EXERCISE
Count every line in the data below that includes "Street", and give only the result.

━━━ DATA

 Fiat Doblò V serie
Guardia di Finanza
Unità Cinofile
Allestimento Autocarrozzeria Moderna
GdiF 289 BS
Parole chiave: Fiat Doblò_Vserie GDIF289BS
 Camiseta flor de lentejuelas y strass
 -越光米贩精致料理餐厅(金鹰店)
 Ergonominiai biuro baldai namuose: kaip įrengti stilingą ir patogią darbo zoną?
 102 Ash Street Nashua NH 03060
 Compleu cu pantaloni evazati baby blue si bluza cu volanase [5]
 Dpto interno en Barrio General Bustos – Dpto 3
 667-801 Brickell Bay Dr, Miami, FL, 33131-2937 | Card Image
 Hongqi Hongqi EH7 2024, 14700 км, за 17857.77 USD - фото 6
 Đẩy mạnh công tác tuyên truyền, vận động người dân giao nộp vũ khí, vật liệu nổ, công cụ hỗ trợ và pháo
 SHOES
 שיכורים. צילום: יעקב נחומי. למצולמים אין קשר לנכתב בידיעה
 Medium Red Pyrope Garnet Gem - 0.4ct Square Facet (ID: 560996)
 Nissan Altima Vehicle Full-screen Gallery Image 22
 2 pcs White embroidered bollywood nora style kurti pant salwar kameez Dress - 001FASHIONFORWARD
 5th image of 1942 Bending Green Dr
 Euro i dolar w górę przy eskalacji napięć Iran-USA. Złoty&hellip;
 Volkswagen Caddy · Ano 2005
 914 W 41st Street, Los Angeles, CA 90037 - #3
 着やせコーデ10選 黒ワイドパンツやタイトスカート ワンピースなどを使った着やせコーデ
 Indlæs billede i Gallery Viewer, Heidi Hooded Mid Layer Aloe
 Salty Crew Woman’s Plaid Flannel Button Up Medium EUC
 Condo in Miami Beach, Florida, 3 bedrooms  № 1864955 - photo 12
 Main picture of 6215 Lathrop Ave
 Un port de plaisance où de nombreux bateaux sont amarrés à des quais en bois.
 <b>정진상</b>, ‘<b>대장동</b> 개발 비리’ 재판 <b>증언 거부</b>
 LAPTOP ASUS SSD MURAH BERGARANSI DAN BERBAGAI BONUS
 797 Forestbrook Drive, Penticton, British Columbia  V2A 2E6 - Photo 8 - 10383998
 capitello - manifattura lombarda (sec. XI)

━━━━━━

SOLUTION TO THIS TASK
2